Легкий конь Фатьмы, отшвыривая копытами пространство, взвился раз, взвился два, взвился три — взятые заслоны остались сзади.
И вдруг, когда конь татарки летел, подобно пуле, из-за четвертого заслона с лаем кинулась под ноги коня огромная, как волк, собака. Пугливый конь на всем скаку резко метнулся в сторону, потерял равновесие и с маху брякнулся на спину, четырьмя копытами вверх.
— Фатьма! — вскричал Падуров и проворно скатился с седла на луговину. Он подхватил тяжело подымавшуюся красавицу и поставил ее на ноги.
— Нишяво, ладно, миленький Падур… Маленько нога.
И, не успели опомниться, — под ликующий рев толпы сам царь скакал на приступ. Он вытянул губы, подобрал щеки, всем корпусом подался вперед — и дал коню волю. Конь взвился раз, взвился два, взвился три… Гиканье, плетка, коню пятками в бок, и — все осталось позади.
— Урла! Урла!.. — сотрясая вольный воздух, загромыхала степь.

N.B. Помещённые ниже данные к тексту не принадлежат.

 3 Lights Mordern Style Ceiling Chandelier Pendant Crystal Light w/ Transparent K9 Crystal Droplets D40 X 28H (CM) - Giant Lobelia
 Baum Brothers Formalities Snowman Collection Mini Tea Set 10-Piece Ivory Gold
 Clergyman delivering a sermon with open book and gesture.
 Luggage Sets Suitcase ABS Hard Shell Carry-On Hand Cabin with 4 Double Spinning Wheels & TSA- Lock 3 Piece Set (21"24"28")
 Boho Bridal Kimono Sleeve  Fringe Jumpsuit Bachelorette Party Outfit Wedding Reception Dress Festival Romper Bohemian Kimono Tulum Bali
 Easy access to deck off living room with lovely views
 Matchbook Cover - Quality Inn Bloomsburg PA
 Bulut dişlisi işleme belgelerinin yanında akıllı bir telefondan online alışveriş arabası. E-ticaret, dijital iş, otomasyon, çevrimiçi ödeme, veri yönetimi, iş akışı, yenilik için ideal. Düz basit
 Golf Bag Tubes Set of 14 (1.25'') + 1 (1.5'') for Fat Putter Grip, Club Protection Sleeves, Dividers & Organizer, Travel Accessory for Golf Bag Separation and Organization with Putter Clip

Царь-победитель повернул коня и, подъехав к народу и к судьям, сказал прерывистым голосом:
— А нут-ка… Подымите-ка камыши на пол-аршинчика кверху… на кнутовище.

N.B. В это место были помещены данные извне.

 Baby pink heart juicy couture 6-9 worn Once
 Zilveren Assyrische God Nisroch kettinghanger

Судьи защелкали языками, затрясли широкими лбами:
— Уююй, бачка-осударь, бульно высоко… Кудой дела… Конь, поди, не шайтан… Да и сам ты, бачка-осударь…
— Государю подобает высоко взлетать. Давай.
Пугачев отъехал сажен на двести. Разгоряченному коню не стоялось: то выплясывал, поводя ушами, то выделывал курбеты. Пугачев огладил коня, пошлепал по его вспотевшей шее, нахлобучил шапку и, нагнувшись к луке, вихрем ринулся вперед.
Вся степь замерла, только стальные копыта размеренно били то в землю, то в воздух да селезенка играла в широкой утробе коня. Степь закачалась, звон в ушах, ветер, сердце стукочет, грудь перестала дышать, искры в глазах, взлет, взлет, взлет, еще последний страшный — над высоко приподнятой преградой, и — ровный, ровный бег в славу, и ликующий гомон толпы.